Assume that we are given two association rules R1 = A → C and R2 = B → C, where A, B and C are itemsets.

What of the following statements are correct?

A: If A $\subset$ B, then A has a higher support than B

B: If A $\subset$ B, then R1 cannot have a higher confidence than R2

C: If C is a class label and R1 has a higher confidence than R2, then we can expect R1 to have a higher precision for class C than R2

Correct answer: None

Explanation: Assume that B contains one additional item compared to A, and that this item always occurs together with an item in A in the database; then A and B will have the same support, while A is a subset of B.

Assume the following itemsets (D):
{a, b}
{a, b, c}
{a, c}
{a, c, d} 

Let R1 = {a} → {c} : the confidence is then cov({a, c},D)/cov({a},D) = 3/4

Let R2 = {a, b} → {c} : the confidence is then cov({a, b, c},D)/cov({a, b},D) = 1/2

A rule with a high confidence may have a very low support, and hence may have a low precision when applied to independent test instances (not included in
the database from which the rules were generated). For example, a rule with
a confidence of 100% may have a support of only one instance, and hence the
conclusion may only hold in 50% of the test cases, while a rule with slightly
lower confidence, but much higher support, can be expected to be more correct
on independent test instances. Hence, confidence alone (without a sufficiently
high support) is not necessarily a meaningful evaluation criterion.


## Question 6

Assume that we have generated a set of association rules with a specified support
and confidence, from a dataset with a set of binary features and binary class
labels, encoded as itemsets. Assume that we have selected a subset of the rules,
for which the heads (consequents) contain only a class label and that we want to use
this subset of rules to classify a novel test instance, i.e., to assign one of the two
class labels.

What of the following are correct?


A: It may be that multiple rules with a confidence = 1 are applicable, i.e., the conditions (antecedents) are subsets of the itemset representing the instance to be classified, but with different consequents; this means that rules with maximum confidence are in conflict regarding what class label to assign

B: It may be that for some test instance, there is no rule such that the condition
(antecedent) is a subset of the itemset representing the instance to be classified;
this means that there is no applicable rule that can suggest what class label to
assign.

C: If we increase the minimum support, we should expect more rules to be applicable

D: If we decrease the minimum confidence, we should expect more rules to be applicable

Correct answer: A, B, D

Explanation: 

It could very well be that rules with perfect confidence (= 1) have logically overlapping (non-exclusive) antecedents, but for which there is no overlap in the given database. They could hence  
cover a test instance and predict different class labels.

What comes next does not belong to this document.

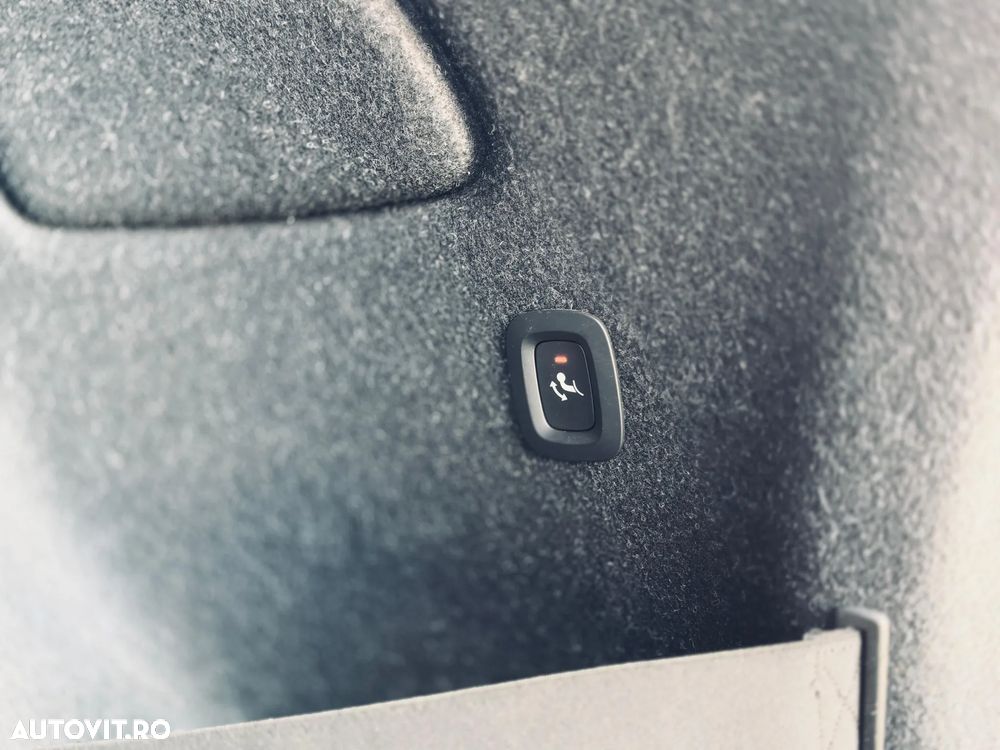 Volvo XC 40 D3 Geartronic Momentum Pro - 16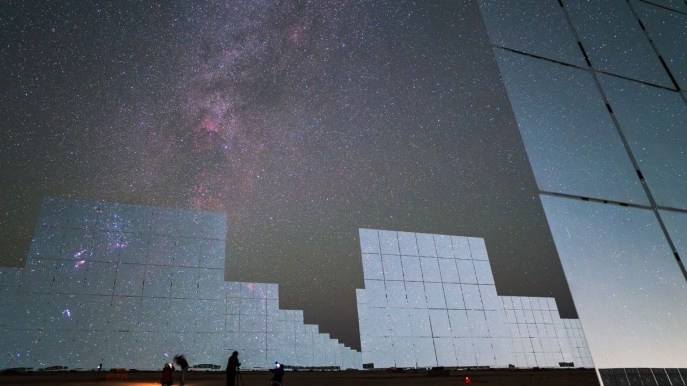 La Via Lattea si riflette sugli specchi solari: la visione è incantata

There is no guarantee that the generated rules cover all possible combinations of itemsets; in the extreme case, there are no rules that meet the confidence and support requirements.

Increasing minimum support means that fewer frequent itemsets are found, and hence there will be fewer potential candidate itemsets to form rules from. If we instead decrease the confidence threshold, the number of generated rules can be expected to increase, and hence also the number of applicable rules.